With a 4-1 victory over the Tampa Bay Rays yesterday, Porcello picked up his team-leading 11th win of the season. His performance put him tied for sixth in the majors in that category, three behind Chicago White Sox ace Chris Sale. Even after giving up a one-out home run over the Green Monster of Fenway Park, Porcello dominated in a fashion that showed how much he had learned from his struggles in 2015.
It didn’t look great early, but that’s nothing new for Porcello. In his last start against the Texas Rangers, Porcello was getting hugs, high fives, speeches from his coaches, and boisterous cheers in the dugout after allowing four runs on 12 hits in just six innings.
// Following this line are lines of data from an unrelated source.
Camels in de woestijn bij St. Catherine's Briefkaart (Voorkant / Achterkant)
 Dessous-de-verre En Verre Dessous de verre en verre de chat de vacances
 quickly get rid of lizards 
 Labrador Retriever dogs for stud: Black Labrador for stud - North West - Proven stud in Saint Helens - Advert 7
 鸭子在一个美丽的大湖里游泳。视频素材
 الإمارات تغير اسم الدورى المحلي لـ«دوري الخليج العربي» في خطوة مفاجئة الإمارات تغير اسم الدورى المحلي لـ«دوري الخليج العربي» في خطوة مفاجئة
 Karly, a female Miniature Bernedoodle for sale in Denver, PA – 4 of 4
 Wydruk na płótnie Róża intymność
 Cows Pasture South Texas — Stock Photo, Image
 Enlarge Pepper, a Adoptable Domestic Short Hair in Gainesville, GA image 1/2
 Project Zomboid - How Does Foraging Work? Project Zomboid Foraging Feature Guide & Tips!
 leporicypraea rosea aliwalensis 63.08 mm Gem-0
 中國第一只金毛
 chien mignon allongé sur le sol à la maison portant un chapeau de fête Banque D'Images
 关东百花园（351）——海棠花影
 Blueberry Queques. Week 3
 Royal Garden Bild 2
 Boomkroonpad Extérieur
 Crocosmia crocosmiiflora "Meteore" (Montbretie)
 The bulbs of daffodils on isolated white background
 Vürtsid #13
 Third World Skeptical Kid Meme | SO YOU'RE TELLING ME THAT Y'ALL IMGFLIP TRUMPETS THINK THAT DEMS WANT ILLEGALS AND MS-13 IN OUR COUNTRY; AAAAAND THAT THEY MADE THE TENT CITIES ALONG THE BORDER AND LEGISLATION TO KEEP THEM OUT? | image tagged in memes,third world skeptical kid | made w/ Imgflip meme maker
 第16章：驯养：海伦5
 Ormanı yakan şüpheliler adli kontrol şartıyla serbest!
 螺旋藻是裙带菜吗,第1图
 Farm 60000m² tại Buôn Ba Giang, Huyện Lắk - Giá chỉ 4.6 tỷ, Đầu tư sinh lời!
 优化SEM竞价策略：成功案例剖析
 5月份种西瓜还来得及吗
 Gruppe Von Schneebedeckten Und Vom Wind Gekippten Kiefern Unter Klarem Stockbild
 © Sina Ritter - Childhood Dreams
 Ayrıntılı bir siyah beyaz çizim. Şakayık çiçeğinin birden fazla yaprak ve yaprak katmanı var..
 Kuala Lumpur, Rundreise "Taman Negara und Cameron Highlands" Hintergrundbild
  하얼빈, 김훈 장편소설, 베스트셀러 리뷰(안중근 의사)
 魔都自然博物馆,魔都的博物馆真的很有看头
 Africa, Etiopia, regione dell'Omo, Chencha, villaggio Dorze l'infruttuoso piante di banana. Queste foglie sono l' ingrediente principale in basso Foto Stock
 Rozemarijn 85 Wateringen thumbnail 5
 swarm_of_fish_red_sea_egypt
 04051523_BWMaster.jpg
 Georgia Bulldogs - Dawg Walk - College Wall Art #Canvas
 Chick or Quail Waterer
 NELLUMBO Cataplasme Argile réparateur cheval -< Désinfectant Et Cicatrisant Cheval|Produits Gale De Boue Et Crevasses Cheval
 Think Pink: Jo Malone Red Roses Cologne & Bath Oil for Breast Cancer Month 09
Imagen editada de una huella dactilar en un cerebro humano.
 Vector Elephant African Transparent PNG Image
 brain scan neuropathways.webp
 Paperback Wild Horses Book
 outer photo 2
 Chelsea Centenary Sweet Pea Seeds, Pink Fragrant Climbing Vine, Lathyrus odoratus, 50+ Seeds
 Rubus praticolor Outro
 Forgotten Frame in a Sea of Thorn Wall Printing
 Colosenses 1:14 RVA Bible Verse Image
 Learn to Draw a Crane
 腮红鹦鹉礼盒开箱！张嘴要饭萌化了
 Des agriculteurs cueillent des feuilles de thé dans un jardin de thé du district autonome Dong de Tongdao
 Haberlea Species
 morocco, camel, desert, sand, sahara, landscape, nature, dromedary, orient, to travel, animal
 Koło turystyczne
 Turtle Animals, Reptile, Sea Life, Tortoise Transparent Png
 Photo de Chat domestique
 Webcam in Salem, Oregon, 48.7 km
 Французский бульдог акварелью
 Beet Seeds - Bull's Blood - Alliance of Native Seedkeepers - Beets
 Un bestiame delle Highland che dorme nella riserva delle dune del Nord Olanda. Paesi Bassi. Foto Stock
With the state of Boston’s starting rotation, Porcello’s efforts to hang on to victory, by any means necessary, have been greatly appreciated by his teammates. Yesterday’s home run blast would have been troubling to anyone else, essentially putting the team in a hole right out of the gate; however, Porcello seemed calm and collected, moving on quickly from the mistake. A flyout and a four-pitch strikeout later, Porcello and the Red Sox got out of the inning.
Last season, Porcello would have mentally collapsed in the same situation. The 27-year-old New Jersey native had signed a huge contract with Boston after being traded to the Red Sox from the Detroit Tigers, the team that made him a first round draft pick in 2007. When Porcello gave up the lead, it tended to snowball into a ton of runs, making the hole he put Boston in the size of the Grand Canyon. It can be unsettling any time a player changes teams, let alone signing a four-year contract for $82.5 million during a season where Porcello posted a 9-15 record with a 4.92 ERA in 28 starts. He was sent to the minors to rediscover the talent that former Red Sox general manager Ben Cherington believed made him worth the money. It didn’t help.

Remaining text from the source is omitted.